How not to publish an excavation

I’m still (10:30am) in the West Room in Cambridge University Library, where I have been working on Vermaseren’s The excavations in the Mithraeum of the church of Santa Prisca.  The objective is to obtain an image of the inscription said to record that Mithras “saved” people by the shedding of the eternal blood, not least in order to see if it actually says any such thing.

Despite what the Google books preview might suggest, the book itself is a big heavy volume of large size.  It’s a shock to be reminded of how unwieldy a paper book can be, compared to a PDF.

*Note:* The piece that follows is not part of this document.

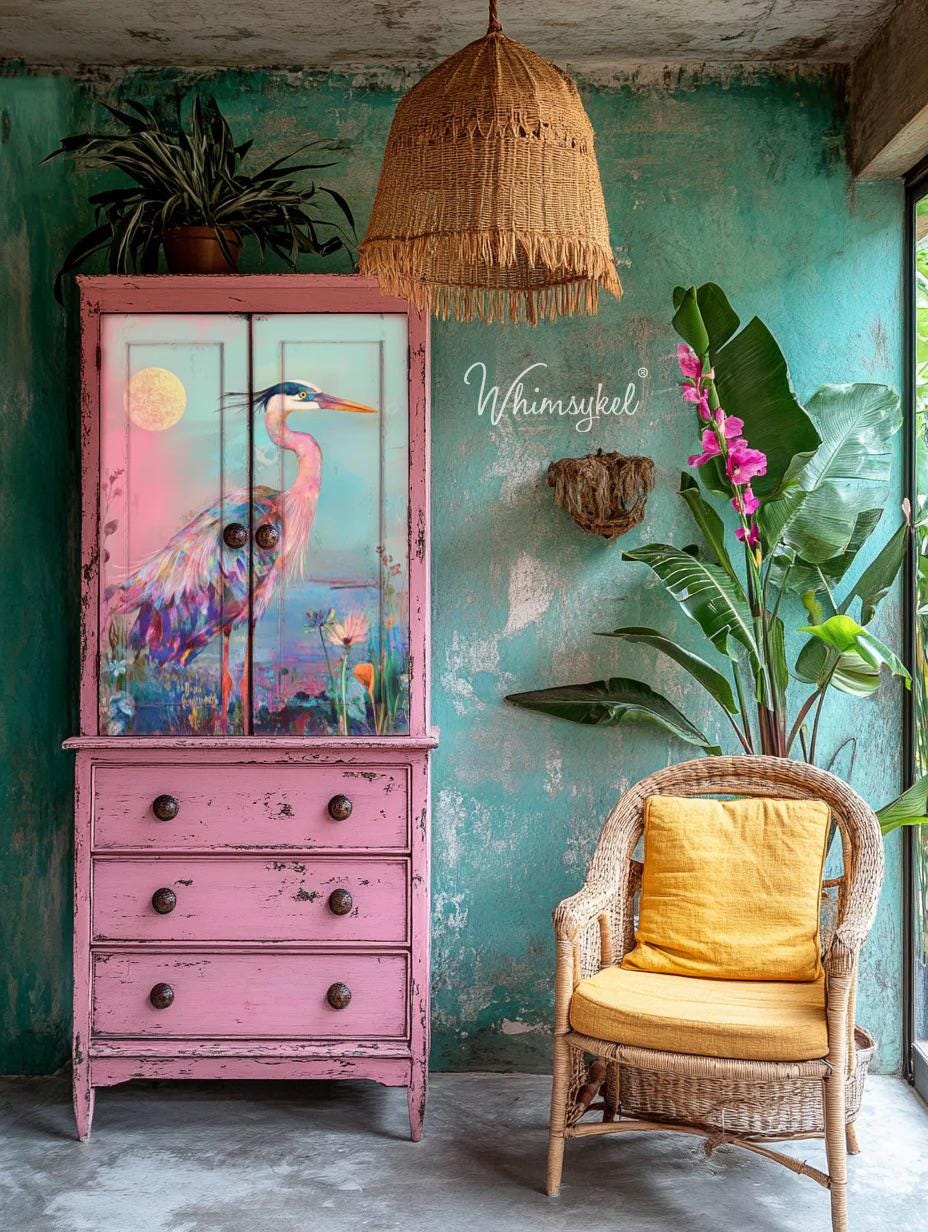 Pastel Morning Decoupage Tissue Paper for Furniture 21x29 or 14x20 Whimsykel Designs heron on waterfront background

There are terminals here, quite close together, which is fortunate.  The photocopiers are incredible – they’ve bolted on a scanner facility.  But… the interface is pretty hostile.  So I scan the image, then go back to the terminal to see if it came out OK.  I had to move terminals once, thanks to a chap with bad breath who came into this empty room and sat plumb next to me!

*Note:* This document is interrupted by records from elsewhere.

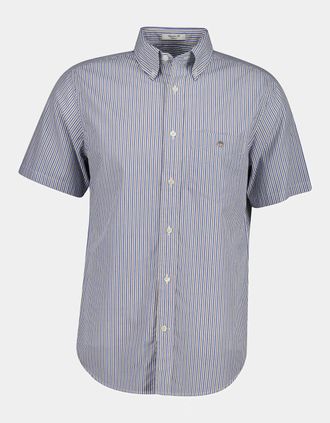 GANT Mens GANT Mens Regular Fit Poplin Stripe Short Sleeve Shirt - 260 Faded Taupe - Grey - Size: 42/Regular
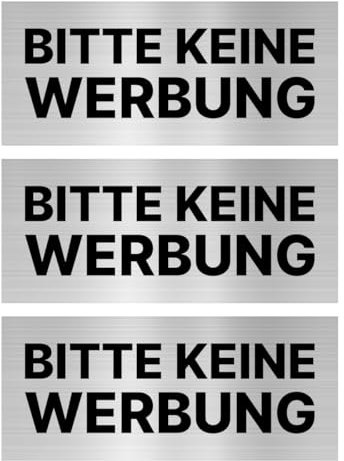 3x Sticker Aufkleber Keine Werbung einwerfen Briefkasten 7x3 cm Silber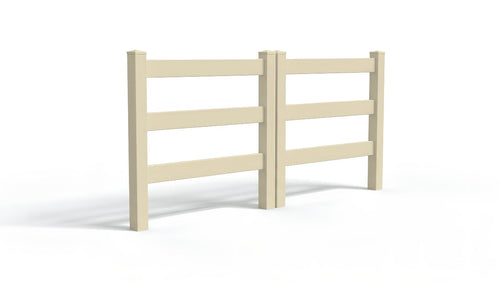 5' Tall x 8' Wide Double Drive Swing Vinyl Gate For Vinyl Ranch Rail Fences (AFC-19A) - Tan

I’m disappointed with Vermaseren’s book.  The first question I have is as to where the inscription appears in the Mithraeum.  This I cannot determine.  The book is filled with waffle.  The nearest I can come is that there are two levels of paintings around the walls of the Mithraeum, an upper and a lower layer, and the inscriptions relate to the lower layer.  That’s not really very good.  Nor can I gain any overview of the layout from his book, because he dives into detail instead.

Hum.

The upper layer consists of pictures of people, full length, walking toward the Mithras figure at one end.  These have names above them – “Nama Gelasius Leoni”, etc.  The lower layer seems to be similar stuff.  But… where oh where are the verse inscriptions located?

The plate is not very good.  It’s fine for what it is; but it is monochrome, and consequently everything is a jumble.  I’ve tried several times scanning at 600 dpi, and it won’t get any better than I have.  I’ll get this online, tho, for what it is.

It’s now 11am.  I think I’ve had enough of Vermaseren’s effusion.  Time to walk into Cambridge and get away from it for an hour.